Discovering the cause of a problem leads us towards its solution, so with any health issue we may ask ourselves, “is this a physical problem with my body or a psychological one created by my mind?” This is especially true in the field of addiction: is it created by a physical dysfunction of hormones or deficiency in neurotransmitters, for example, or the result of the ways in which I think, my beliefs and attitudes?
Do you tend to think it’s one or the other? My guess, and of course it’s not just mine, is that it’s never one or the other, but always degrees of both. The mind and the body are in a continuous, two-way communication that is so profound and extensive that nobody has been able to prize them apart completely. What happens in the mind has an effect on the body. And what happens in the body has an effect on the mind. Always. Because there really is no separation.
Our culture, of course, has done a thorough job of promoting the separation of body and mind for quite some time. Think of the depressed patient, talking through their problems with their therapist, who has never tried changing what they eat. Or someone happily taking medication for high blood pressure, never considering that meditation could achieve the same result.

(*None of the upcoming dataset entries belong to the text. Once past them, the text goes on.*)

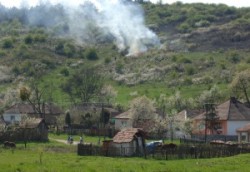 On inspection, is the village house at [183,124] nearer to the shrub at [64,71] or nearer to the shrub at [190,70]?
the shrub at [190,70]

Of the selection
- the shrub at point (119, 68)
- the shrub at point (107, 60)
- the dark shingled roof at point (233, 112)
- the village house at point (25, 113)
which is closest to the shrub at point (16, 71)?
the shrub at point (119, 68)

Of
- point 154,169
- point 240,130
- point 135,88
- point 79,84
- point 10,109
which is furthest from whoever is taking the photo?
point 135,88

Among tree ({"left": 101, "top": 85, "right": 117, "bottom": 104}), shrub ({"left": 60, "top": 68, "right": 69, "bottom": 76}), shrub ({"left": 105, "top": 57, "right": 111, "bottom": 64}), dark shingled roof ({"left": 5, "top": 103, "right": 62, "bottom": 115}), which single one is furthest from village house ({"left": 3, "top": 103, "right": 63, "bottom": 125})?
shrub ({"left": 105, "top": 57, "right": 111, "bottom": 64})

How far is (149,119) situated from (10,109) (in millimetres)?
29492

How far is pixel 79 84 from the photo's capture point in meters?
135

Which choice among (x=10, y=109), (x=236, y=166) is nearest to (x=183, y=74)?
(x=10, y=109)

When it comes to overeating, physical causes are inevitably invoked; most commonly nutritional need (known as body wisdom or intuitive eating) or insulin dysregulation from carbohydrate intake. But research has accumulated over recent years that points to the activation of the brain’s reward system as the source of our excess desire to eat. While that reward system is a physical mechanism – essentially the dopamine pathways – it’s activated by the psychological state of expectation. (1)

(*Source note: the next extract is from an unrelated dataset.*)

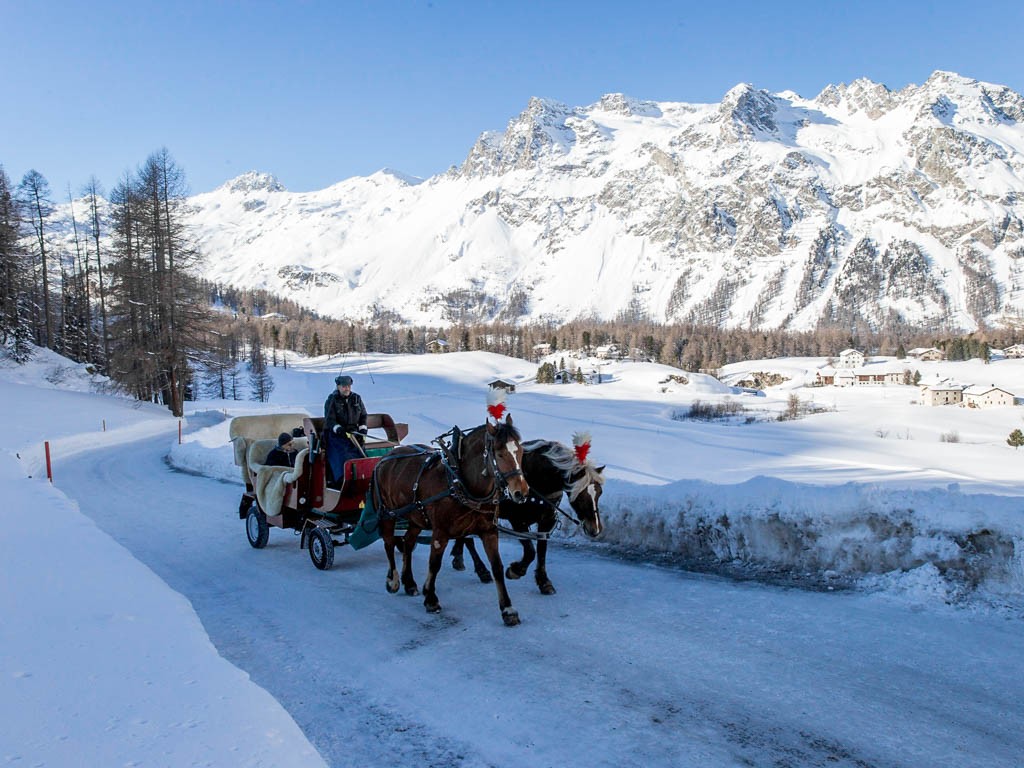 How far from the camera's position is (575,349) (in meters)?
192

Genuine hunger aside, we don’t feel like eating – or more to the point overeating – in situations where we have no expectation of eating. Examples will differ from person to person, but I would have no expectation of eating when I’m visiting my doctor, during an aerobics workout or while leading one of my seminar sessions. There’s no food available and I’ve never eaten anything in those circumstances in the past, so I have absolutely no expectation of eating and therefore no desire to eat while I’m in those circumstances.